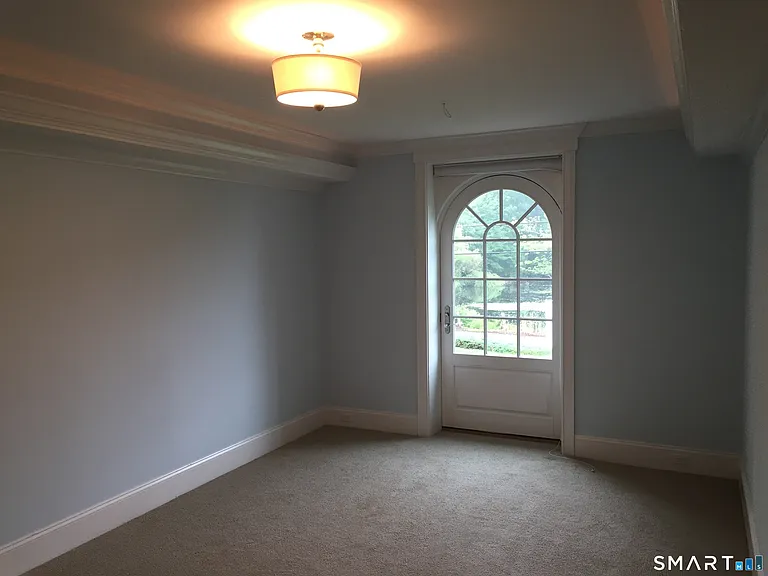 19 Deercliff Rd — Photo 28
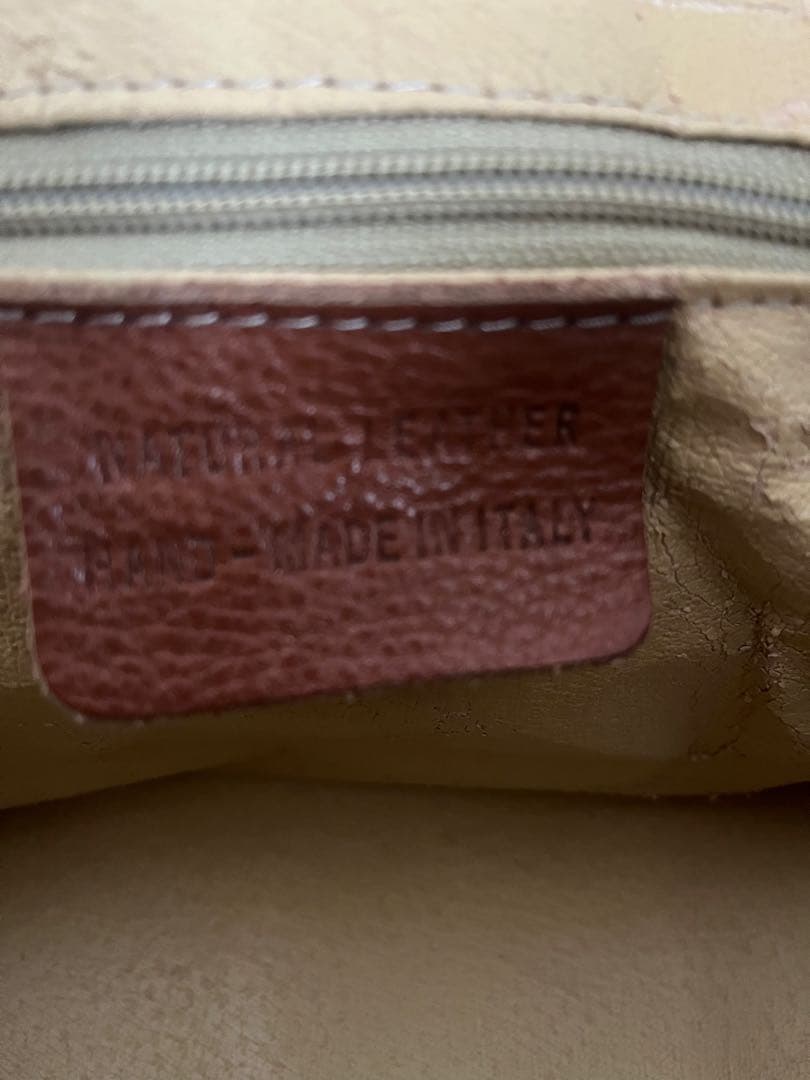 【、】イタリア製　革ボストンバッグ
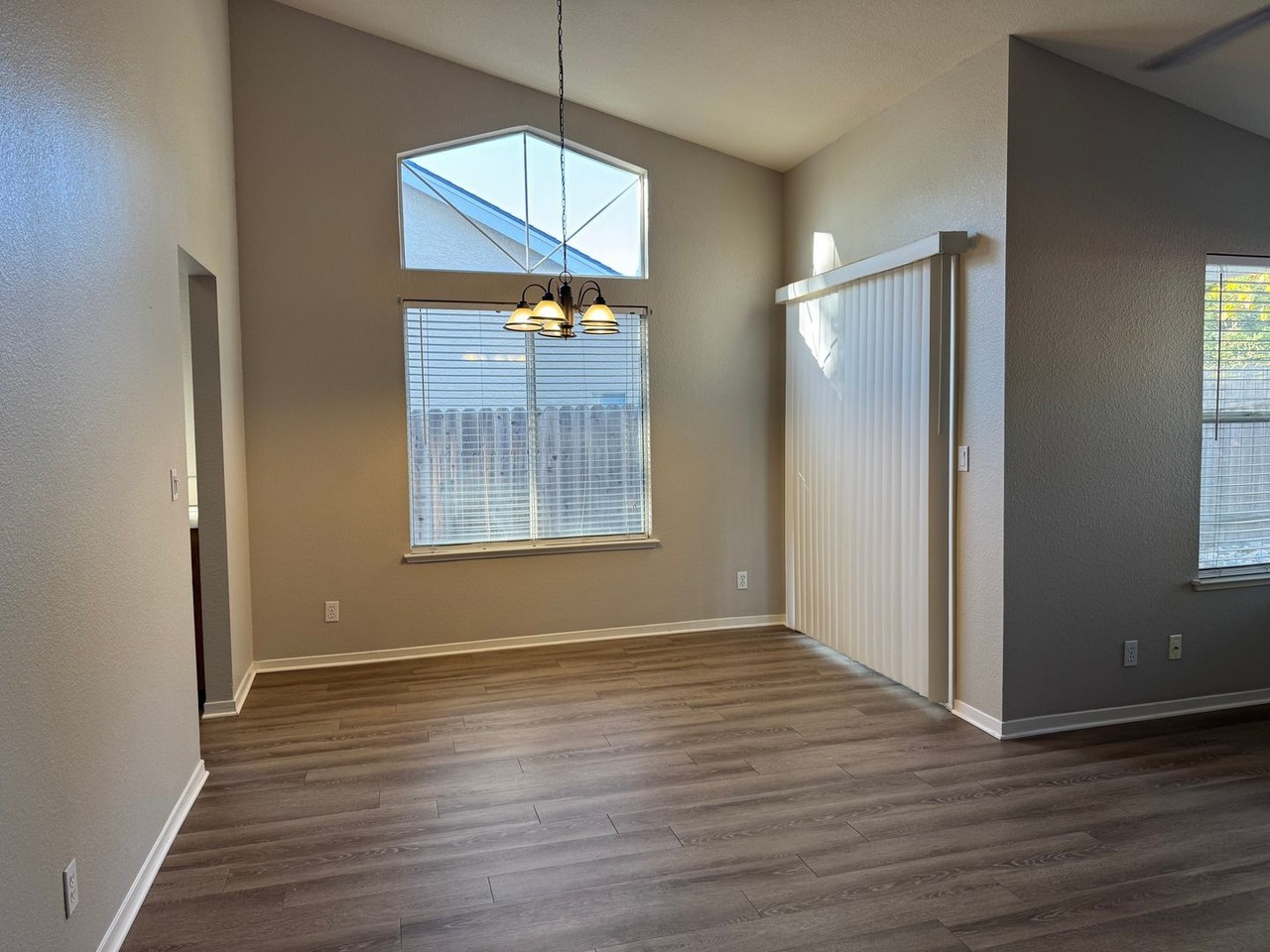 9124 Palmerson Dr - Photo 4 of 19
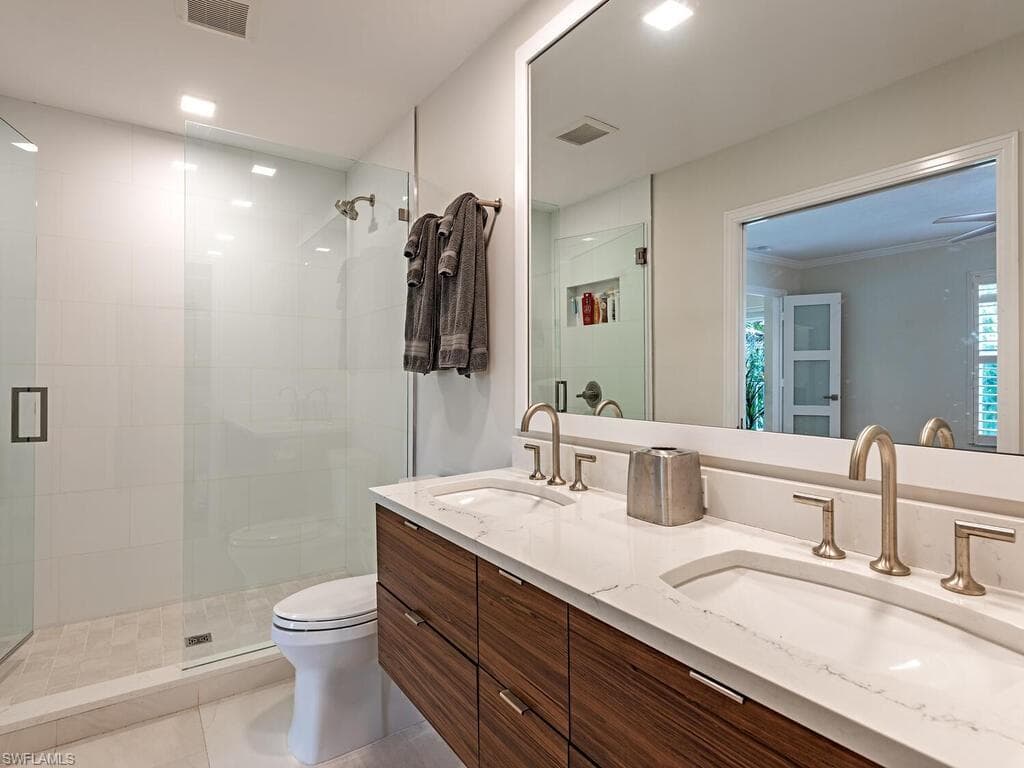 1100 3rd St S 202, Naples, FL 34102-10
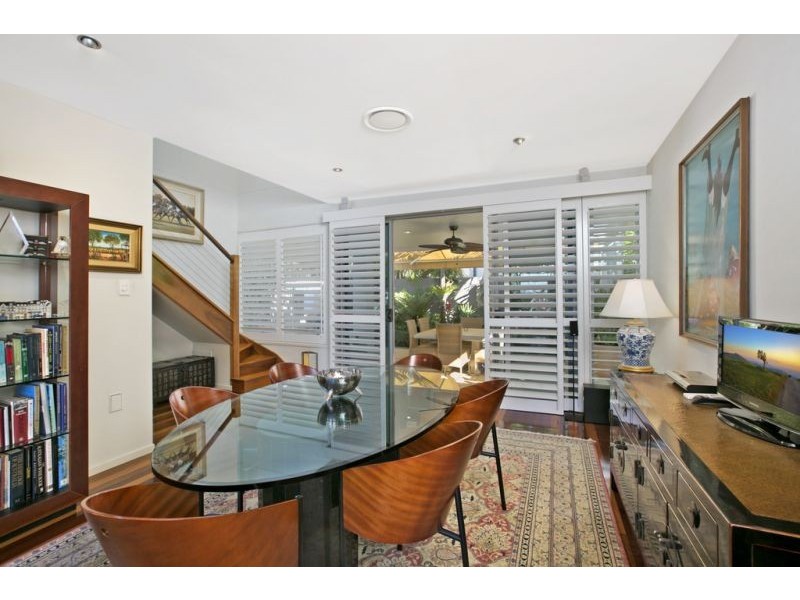 483 Royal Esplanade, Manly QLD 4179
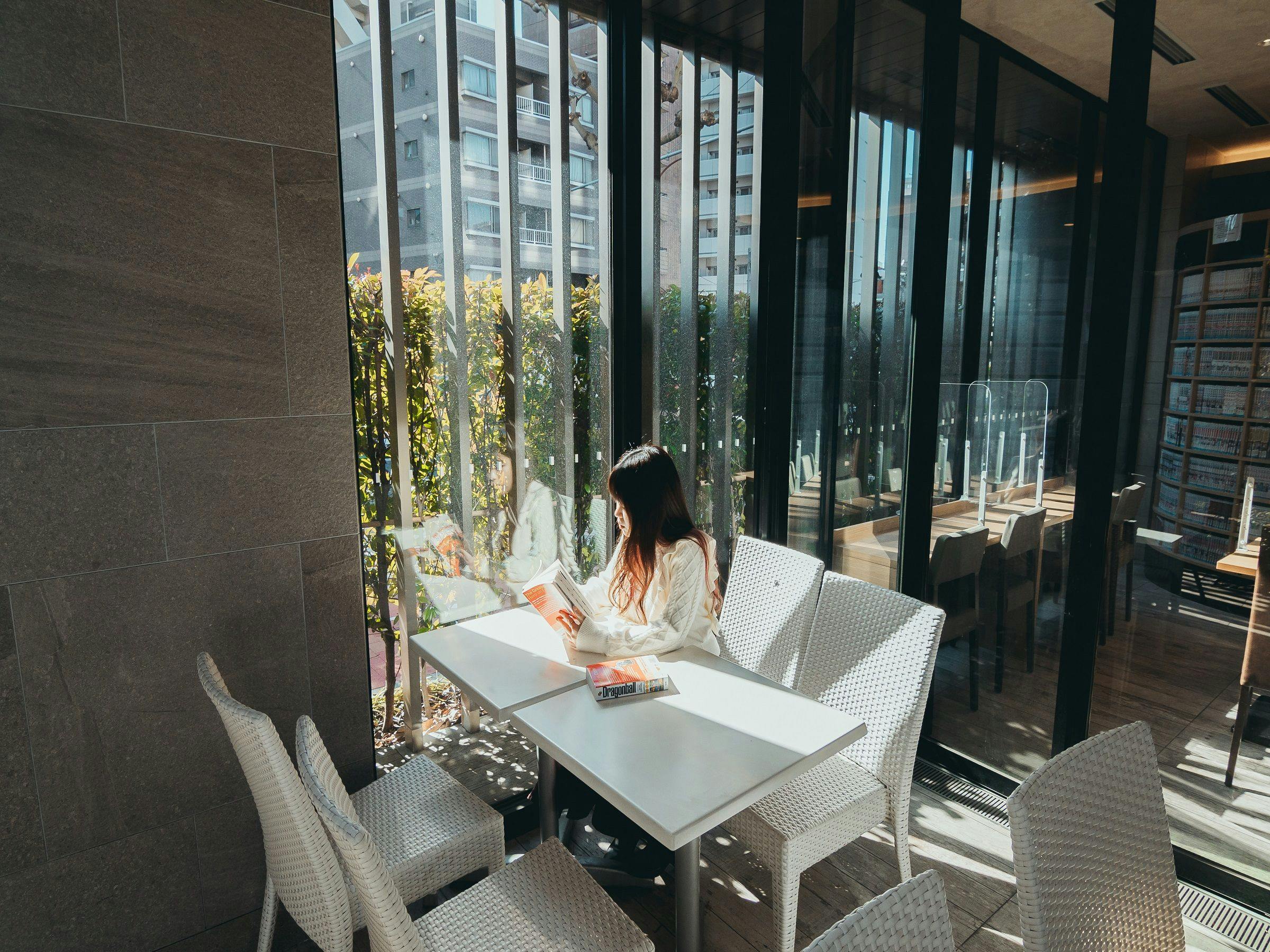 คุณสามารถผ่อนคลายในเลานจ์ฟรีได้ตลอดเวลา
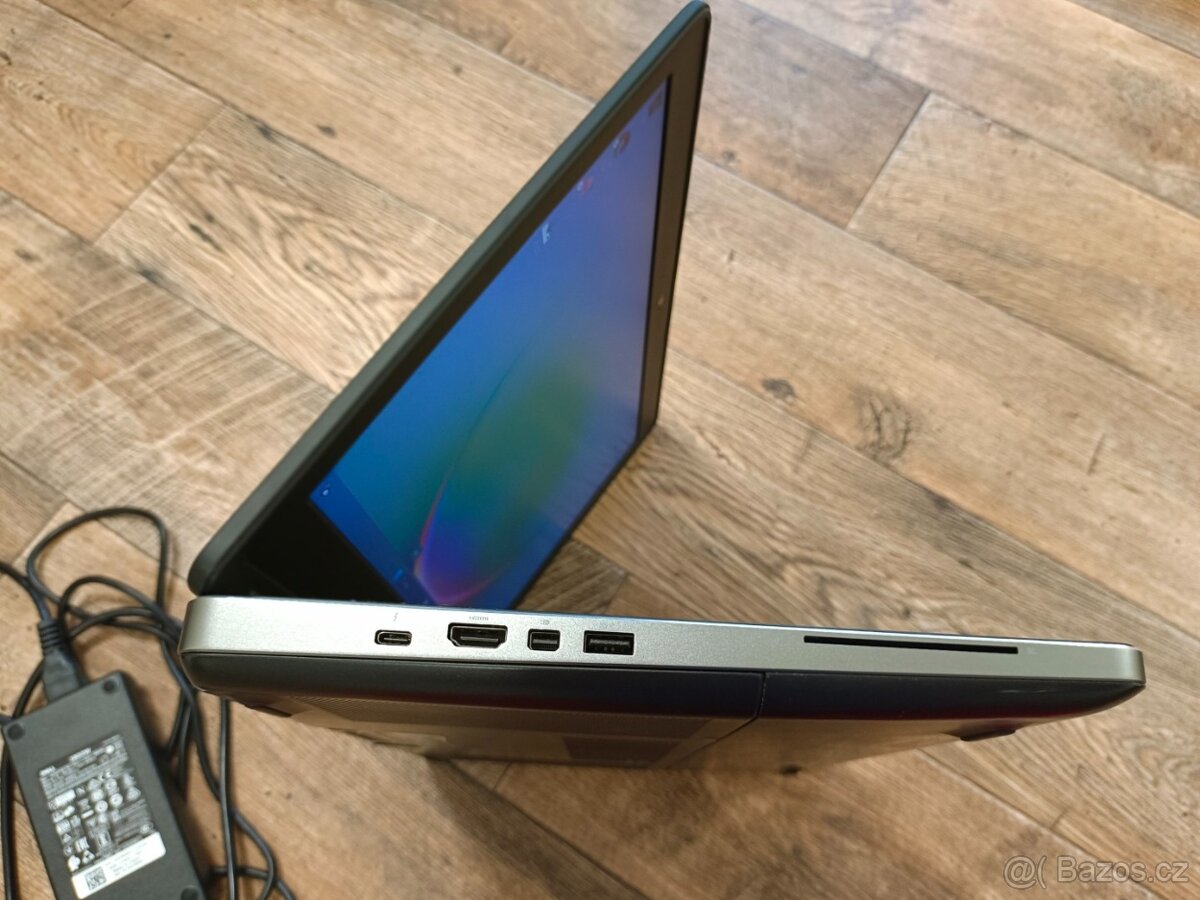 Profi notebook Dell Precision 7520, i7, SSD 500, grafika 4GB - 3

== Task requirements ==
Omit the pictures and repeat the rest of the listing verbatim.

== Task answer ==
 19 Deercliff Rd — Photo 28
 【、】イタリア製　革ボストンバッグ
 9124 Palmerson Dr - Photo 4 of 19
 1100 3rd St S 202, Naples, FL 34102-10
 483 Royal Esplanade, Manly QLD 4179
 คุณสามารถผ่อนคลายในเลานจ์ฟรีได้ตลอดเวลา
 Profi notebook Dell Precision 7520, i7, SSD 500, grafika 4GB - 3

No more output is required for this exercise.